En septembre dernier à l’occasion du festival de photo de nature qui a lieu à Namur, j’ai pu glaner quelques conseils auprès de l’association Adalia qui prône le jardinage sans pesticides. La meilleure des solutions c’est de remplir un bac avec de la bière. Figurez-vous que les limaces sont attirées par la bière et qu’elles finissent par se noyer dans le bac.
Je pensais avoir trouvé LA solution quand, quelque temps plus tard, j’apprenais que les hérissons, ennemis jurés des limaces, sont également amateurs de bière et ne résistent pas une seconde à la tentation d’aller siphonner un bac de bière destiné aux limaces. Le problème c’est que l’alcool les enivre au point qu’ils sont incapables de se mettre en boule. Et, s’ils n’arrivent plus à hérisser leurs pics, ils n’ont plus aucun moyen de se protéger des prédateurs. Ils deviennent alors une proie facile pour les chiens, chats et autres bêtes qui veulent se faire les dents sur un hérisson. Alors que faire ? Aller acheter de la bière sans alcool pour éviter à compère hérisson une bonne biture qui lui aurait réservé de mauvaises surprises ? Non.
Il ne me restait plus qu’à tirer la leçon de cette histoire. Au point de départ la question était simple : comment venir à bout des limaces sans moyens chimiques ? Je m’attendais à trouver LA solution qui conviendrait, la seule, l’unique. Mais c’était raisonner sans tenir compte de l’interdépendance des espèces. Eliminer les limaces à la bière auraient eu des répercussions sur la vie des hérissons.

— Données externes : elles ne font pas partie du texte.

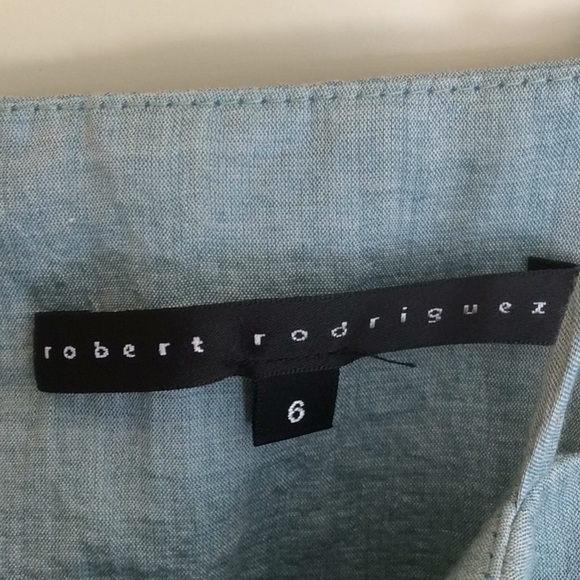 Robert Rodriguez tank bow blouse - Picture 4 of 5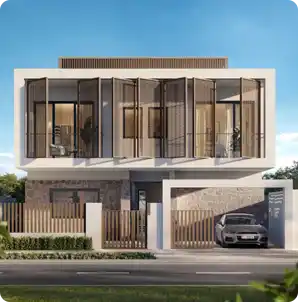 Nawayef East Front Elevation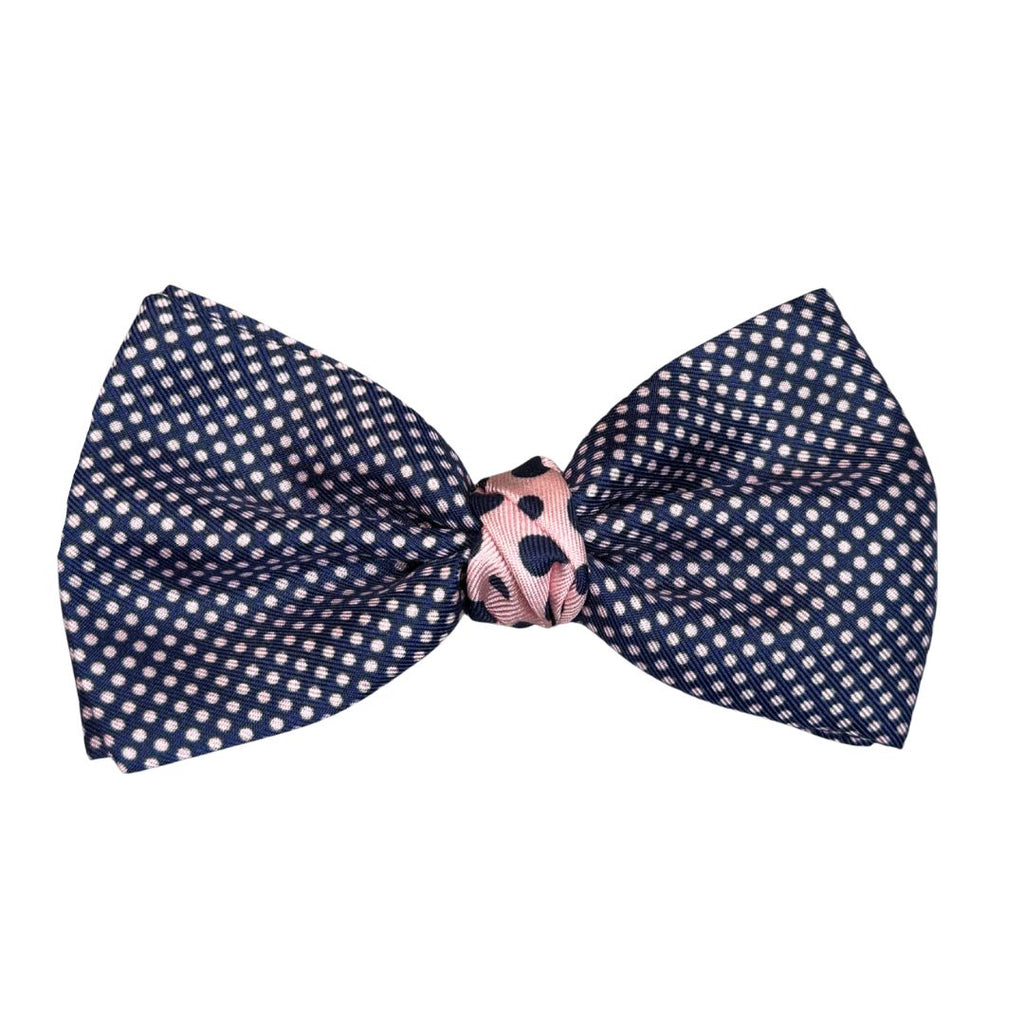 Papillon in Seta Fantasia Pois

Il en est de même dans l’évangile. Quand les Pharisiens demandent à Jésus s’il faut payer l’impôt à César, la réponse est simple : soit oui, soit non. Mais Jésus replace la question dans un contexte plus large et invite chacun à donner à César ce qui lui revient et à Dieu ce qui lui revient. Faire preuve d’intelligence et de discernement consiste précisément à ne pas se laisser enfermer dans des questions simples : payer ou ne pas payer l’impôt à César, éliminer les limaces à la bière ou les laisser proliférer. Ces questions ne tiennent pas compte de la diversité des situations et des personnes. En me focalisant sur les limaces j’ignorais les hérissons. Et les pharisiens, eux, oubliaient un peu vite la dimension spirituelle qui anime toute vie humaine.